# WHAT TO PRODUCE
A faithful copy of all the records is needed, with the pictures omitted.

# DATA SHOWN
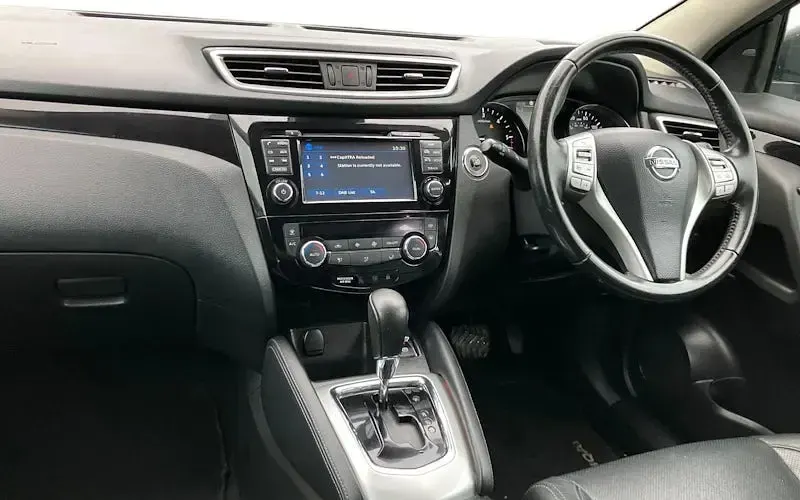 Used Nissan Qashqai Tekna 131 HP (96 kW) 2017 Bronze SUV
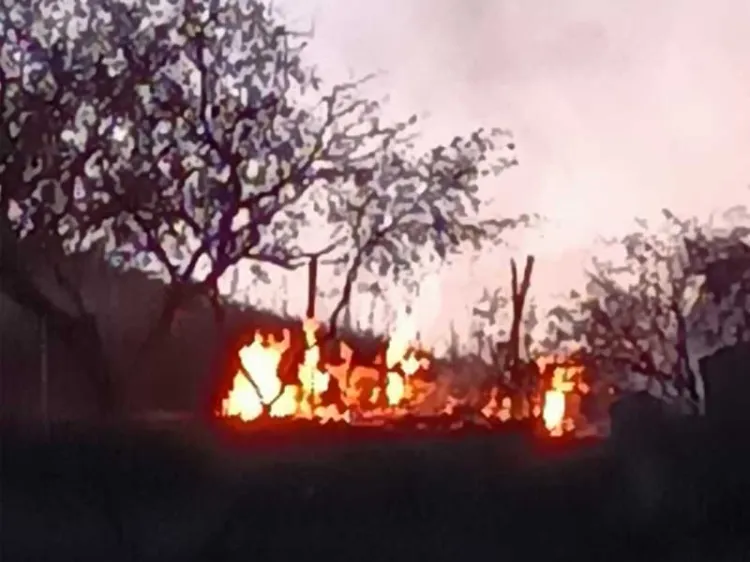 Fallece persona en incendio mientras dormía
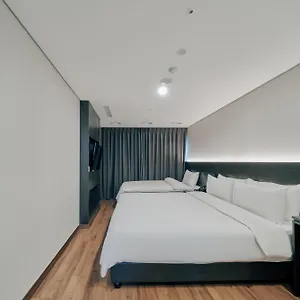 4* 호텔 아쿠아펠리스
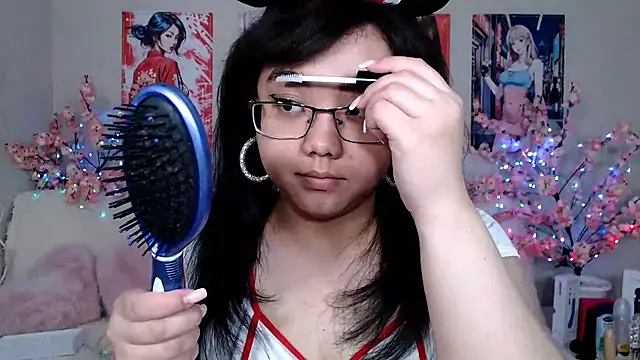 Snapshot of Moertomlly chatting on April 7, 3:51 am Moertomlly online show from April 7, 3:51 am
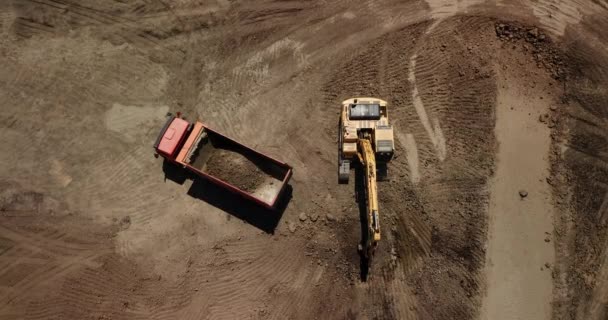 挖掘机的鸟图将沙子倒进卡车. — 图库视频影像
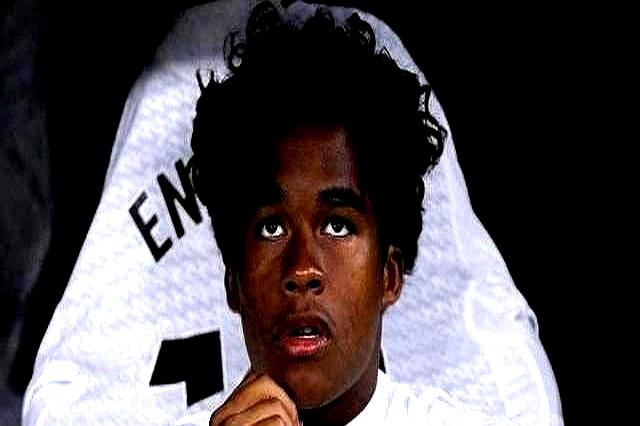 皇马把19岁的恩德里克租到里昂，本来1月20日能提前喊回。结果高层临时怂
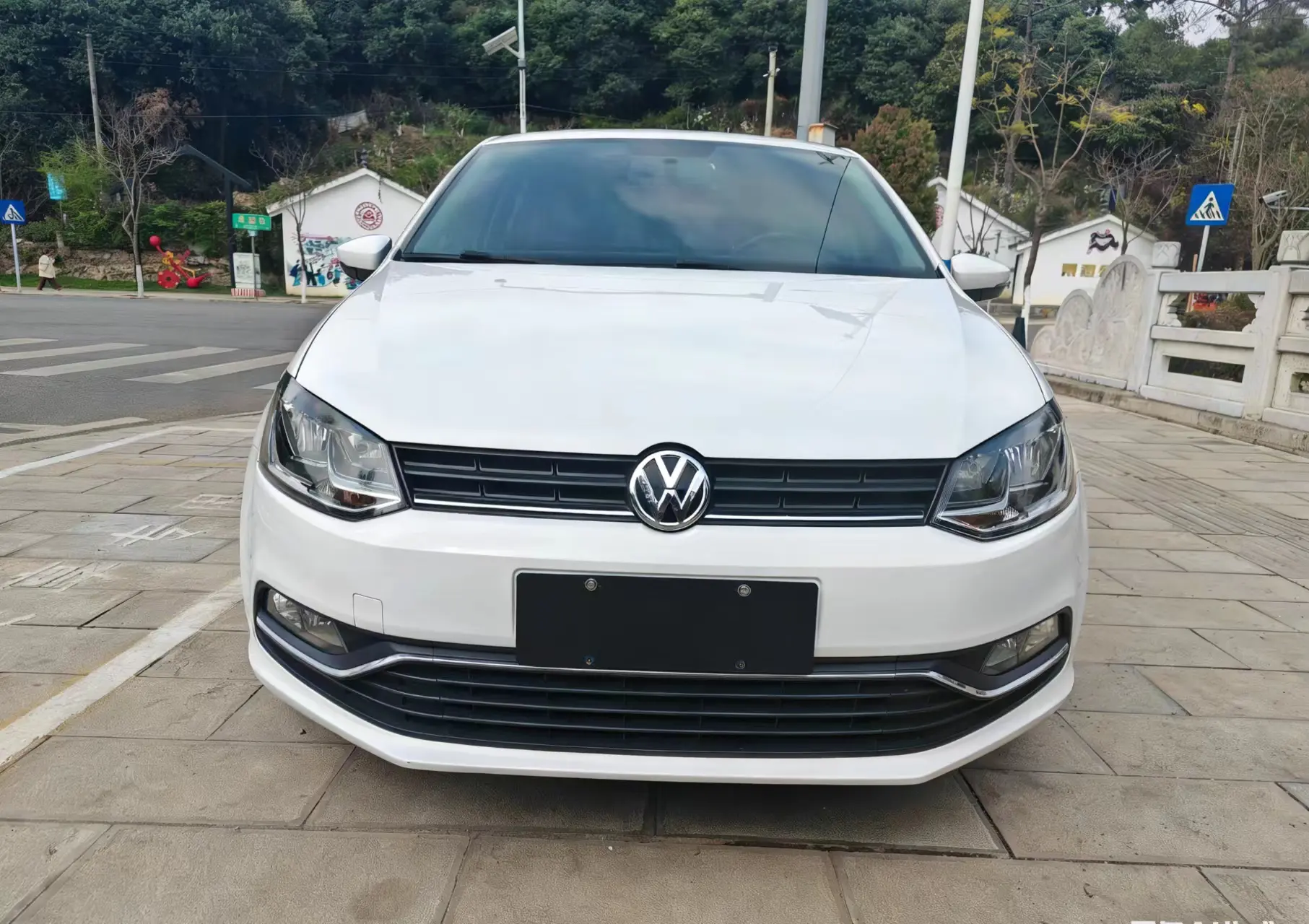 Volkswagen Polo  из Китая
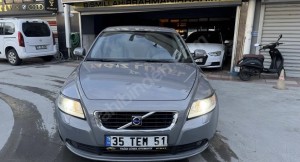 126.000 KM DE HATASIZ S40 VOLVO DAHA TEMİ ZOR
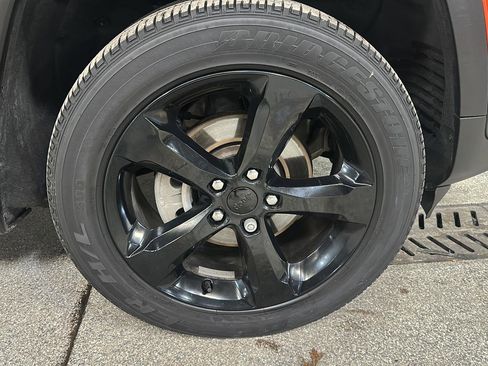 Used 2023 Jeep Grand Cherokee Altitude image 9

# RESULT OF THIS EXERCISE
 Used Nissan Qashqai Tekna 131 HP (96 kW) 2017 Bronze SUV
 Fallece persona en incendio mientras dormía
 4* 호텔 아쿠아펠리스
 Snapshot of Moertomlly chatting on April 7, 3:51 am Moertomlly online show from April 7, 3:51 am
 挖掘机的鸟图将沙子倒进卡车. — 图库视频影像
 皇马把19岁的恩德里克租到里昂，本来1月20日能提前喊回。结果高层临时怂
 Volkswagen Polo  из Китая
 126.000 KM DE HATASIZ S40 VOLVO DAHA TEMİ ZOR
 Used 2023 Jeep Grand Cherokee Altitude image 9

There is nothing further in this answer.